En todo caso, uno de los problemas que se plantea es lo que sucede cuando el influencer pasa a ocupar un cargo de responsabilidad, y aquí, obviamente, eximo a los tres mencionados pues ninguno de ellos ha dado el salto formal todavía.
Es que no se puede gobernar bajo la lógica de los likes y la dopamina como lo hacen muchos de nuestros actuales dirigentes que testean sus iniciativas en Twitter y estudian guiones para que el asesor pagado con nuestros impuestos haga el recorte viral de 30 segundos.
Asimismo, y esto se vio claramente en la insólita discusión acerca de si la cuenta de Twitter le pertenece al Javier Milei ciudadano o al Javier Milei presidente, la confusión entre lo público y lo privado está a la orden del día.

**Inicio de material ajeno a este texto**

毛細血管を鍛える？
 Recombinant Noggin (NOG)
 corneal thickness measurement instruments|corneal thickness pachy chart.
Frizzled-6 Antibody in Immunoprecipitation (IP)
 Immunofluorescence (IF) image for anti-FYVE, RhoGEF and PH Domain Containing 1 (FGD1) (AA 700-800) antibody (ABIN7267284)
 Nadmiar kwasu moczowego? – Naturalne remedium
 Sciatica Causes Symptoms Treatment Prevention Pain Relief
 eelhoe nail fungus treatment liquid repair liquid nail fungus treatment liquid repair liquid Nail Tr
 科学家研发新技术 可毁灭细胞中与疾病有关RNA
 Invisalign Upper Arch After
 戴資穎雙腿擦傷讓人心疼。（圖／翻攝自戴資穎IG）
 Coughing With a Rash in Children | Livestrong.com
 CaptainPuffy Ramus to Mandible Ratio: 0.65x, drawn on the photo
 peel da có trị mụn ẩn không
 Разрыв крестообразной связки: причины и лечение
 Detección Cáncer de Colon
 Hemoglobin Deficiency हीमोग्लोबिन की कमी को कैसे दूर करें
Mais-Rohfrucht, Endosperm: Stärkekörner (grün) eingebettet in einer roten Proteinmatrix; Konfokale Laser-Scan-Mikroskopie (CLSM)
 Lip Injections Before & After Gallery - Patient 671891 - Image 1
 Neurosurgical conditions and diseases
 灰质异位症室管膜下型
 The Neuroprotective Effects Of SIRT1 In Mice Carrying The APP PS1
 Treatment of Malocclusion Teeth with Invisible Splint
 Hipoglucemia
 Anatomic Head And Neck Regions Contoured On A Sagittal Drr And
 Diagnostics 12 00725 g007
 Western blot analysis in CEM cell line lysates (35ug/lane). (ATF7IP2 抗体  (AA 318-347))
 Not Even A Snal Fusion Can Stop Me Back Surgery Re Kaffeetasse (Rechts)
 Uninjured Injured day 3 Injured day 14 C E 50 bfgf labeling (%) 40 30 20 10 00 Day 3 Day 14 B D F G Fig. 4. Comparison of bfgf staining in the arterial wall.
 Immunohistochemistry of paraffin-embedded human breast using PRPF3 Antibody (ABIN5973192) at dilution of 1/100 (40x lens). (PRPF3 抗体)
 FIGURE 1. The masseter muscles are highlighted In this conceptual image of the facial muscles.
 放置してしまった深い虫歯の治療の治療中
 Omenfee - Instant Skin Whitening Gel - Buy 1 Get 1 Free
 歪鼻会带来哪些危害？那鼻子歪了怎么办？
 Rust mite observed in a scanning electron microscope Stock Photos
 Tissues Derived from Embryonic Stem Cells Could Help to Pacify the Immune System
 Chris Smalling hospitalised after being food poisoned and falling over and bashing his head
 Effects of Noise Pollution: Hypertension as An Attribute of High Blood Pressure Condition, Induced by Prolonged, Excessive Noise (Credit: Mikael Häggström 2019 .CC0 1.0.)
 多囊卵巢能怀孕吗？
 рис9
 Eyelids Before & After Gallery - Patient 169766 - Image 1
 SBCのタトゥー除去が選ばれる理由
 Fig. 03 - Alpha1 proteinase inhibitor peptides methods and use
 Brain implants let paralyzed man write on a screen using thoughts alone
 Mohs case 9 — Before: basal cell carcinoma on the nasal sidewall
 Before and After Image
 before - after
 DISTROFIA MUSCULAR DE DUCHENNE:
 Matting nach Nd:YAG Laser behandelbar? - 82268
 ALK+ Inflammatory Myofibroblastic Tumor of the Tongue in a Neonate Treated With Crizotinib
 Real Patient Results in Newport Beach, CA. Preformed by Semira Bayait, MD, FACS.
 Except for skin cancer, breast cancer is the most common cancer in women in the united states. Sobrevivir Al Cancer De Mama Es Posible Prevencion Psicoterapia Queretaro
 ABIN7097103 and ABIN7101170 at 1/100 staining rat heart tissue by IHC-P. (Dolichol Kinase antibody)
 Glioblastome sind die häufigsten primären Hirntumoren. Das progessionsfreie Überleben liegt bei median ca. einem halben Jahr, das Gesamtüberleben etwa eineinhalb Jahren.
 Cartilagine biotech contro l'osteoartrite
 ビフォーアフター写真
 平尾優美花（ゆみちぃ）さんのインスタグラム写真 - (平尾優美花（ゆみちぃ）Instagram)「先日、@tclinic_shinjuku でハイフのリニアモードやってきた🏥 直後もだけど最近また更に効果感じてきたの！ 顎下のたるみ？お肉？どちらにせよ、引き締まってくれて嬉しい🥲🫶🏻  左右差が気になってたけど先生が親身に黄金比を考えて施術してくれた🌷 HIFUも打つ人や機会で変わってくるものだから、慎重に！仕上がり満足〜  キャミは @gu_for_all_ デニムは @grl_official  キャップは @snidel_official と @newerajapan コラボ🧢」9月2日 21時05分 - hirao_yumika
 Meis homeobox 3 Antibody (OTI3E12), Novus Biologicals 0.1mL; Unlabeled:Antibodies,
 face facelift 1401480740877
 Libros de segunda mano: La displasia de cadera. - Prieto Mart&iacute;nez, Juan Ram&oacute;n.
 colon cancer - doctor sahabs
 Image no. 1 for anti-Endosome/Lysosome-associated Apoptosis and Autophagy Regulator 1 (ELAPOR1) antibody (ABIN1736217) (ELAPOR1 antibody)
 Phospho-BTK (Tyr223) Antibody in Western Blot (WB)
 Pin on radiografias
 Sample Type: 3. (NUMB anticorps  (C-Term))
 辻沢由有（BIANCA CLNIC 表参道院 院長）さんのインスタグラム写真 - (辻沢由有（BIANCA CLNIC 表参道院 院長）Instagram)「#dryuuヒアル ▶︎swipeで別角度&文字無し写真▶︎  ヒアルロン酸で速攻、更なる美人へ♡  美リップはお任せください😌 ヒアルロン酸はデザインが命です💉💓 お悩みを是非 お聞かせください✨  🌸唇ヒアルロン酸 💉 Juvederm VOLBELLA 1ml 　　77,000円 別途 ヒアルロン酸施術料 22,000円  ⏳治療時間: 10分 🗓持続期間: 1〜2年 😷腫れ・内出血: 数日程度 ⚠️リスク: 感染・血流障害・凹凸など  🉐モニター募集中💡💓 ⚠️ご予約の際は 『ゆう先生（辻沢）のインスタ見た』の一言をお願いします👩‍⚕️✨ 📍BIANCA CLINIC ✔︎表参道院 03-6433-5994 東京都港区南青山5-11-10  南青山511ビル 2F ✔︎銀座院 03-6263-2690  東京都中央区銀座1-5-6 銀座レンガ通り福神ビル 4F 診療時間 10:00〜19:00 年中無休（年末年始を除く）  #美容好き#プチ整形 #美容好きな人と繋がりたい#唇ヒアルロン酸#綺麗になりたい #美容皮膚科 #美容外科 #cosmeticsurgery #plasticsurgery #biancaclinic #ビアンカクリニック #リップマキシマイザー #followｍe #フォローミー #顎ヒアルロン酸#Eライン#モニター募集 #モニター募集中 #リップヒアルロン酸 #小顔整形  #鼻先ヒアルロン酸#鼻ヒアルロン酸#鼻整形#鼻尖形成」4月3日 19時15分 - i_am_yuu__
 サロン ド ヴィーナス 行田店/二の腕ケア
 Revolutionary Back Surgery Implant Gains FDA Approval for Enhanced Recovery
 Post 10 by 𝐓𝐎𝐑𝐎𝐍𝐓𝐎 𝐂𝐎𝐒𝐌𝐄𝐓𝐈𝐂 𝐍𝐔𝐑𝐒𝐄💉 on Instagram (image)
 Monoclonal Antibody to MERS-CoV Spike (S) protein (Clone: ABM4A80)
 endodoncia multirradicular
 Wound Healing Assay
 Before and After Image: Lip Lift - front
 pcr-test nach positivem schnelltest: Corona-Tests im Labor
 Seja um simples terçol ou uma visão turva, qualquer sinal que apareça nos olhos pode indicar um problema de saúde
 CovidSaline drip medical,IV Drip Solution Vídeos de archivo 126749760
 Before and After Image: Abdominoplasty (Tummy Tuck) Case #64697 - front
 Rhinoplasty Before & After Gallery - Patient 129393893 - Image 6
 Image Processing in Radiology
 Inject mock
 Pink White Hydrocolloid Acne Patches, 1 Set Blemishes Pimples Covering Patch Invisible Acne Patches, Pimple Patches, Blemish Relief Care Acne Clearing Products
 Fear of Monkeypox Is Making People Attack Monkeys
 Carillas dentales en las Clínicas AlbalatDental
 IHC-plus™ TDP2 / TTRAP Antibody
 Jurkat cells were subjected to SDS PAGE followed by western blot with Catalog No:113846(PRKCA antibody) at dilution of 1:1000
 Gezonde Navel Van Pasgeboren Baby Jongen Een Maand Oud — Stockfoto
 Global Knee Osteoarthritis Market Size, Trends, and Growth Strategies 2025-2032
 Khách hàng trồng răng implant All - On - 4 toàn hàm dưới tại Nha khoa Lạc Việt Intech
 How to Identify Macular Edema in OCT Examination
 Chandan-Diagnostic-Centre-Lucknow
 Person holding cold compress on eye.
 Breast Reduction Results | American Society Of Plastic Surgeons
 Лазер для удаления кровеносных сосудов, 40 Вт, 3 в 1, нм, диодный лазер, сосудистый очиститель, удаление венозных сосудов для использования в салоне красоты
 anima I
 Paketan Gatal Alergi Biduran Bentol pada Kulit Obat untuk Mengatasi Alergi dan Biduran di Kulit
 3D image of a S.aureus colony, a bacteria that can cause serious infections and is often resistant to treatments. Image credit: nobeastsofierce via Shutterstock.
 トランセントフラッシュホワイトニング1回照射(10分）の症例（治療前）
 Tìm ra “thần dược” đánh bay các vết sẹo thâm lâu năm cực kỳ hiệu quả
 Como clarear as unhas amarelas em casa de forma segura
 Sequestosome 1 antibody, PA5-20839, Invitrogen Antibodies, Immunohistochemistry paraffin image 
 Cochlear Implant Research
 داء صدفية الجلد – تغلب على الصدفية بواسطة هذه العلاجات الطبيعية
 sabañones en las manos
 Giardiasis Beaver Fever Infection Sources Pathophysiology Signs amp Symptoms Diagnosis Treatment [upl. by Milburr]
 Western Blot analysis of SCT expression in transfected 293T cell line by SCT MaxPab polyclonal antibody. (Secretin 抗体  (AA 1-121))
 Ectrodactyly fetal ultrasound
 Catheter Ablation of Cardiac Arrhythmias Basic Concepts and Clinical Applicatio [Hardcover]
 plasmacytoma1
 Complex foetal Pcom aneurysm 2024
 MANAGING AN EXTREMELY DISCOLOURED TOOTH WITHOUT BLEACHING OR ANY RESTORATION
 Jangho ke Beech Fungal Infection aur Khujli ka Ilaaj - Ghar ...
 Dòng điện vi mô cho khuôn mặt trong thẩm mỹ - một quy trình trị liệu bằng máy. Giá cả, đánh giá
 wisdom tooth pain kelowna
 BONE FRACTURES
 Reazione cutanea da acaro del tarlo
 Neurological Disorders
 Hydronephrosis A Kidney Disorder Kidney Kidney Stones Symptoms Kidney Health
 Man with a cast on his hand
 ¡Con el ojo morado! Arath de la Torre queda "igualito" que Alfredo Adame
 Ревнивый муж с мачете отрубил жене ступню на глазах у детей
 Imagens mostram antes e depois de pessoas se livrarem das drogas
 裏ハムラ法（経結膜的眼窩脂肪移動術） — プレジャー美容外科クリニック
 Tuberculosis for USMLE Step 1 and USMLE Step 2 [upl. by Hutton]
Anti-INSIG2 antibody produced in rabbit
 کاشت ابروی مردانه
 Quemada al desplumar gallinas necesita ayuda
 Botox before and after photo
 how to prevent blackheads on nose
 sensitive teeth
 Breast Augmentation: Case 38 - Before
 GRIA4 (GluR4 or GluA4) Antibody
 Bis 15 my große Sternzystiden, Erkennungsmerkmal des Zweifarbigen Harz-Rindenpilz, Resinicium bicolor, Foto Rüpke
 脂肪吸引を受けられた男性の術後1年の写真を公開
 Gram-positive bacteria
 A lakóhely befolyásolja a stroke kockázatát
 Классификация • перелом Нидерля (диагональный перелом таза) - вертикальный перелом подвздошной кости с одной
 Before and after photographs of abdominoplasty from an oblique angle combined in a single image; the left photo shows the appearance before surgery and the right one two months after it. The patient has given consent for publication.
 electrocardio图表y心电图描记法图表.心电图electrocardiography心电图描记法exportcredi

No hay mediación, no hay investidura, no hay institucionalidad: todo está afuera e igualado en la horizontalidad de la red.
Para finalizar, digamos que, si la política del futuro va a ser la política que reproduzca la lógica de los influencers y el único “valor” será cuán conocido es el sujeto en cuestión, no debería llamar la atención que la política se reduzca a la autenticidad del yo que gobierna por sobre cualquier proyecto político. En Milei esto es claro: el gobierno de Milei es Milei; el mileismo es Milei. Allí no hay proyecto, en todo caso una misión personal en clave de delirio místico que empieza y termina en Milei. Y no debería sorprendernos porque no es el único: simplemente sobresale porque es el que llegó.
Visible, autoconstituido, performático, expuesto, auténtico preocupado por la atención antes que por la deliberación.
El candidato influencer, aun cuando pueda tener buenas intenciones y una sólida formación, queda preso de una lógica que lo excede y que indefectiblemente lo aleja de cualquier proyecto colectivo.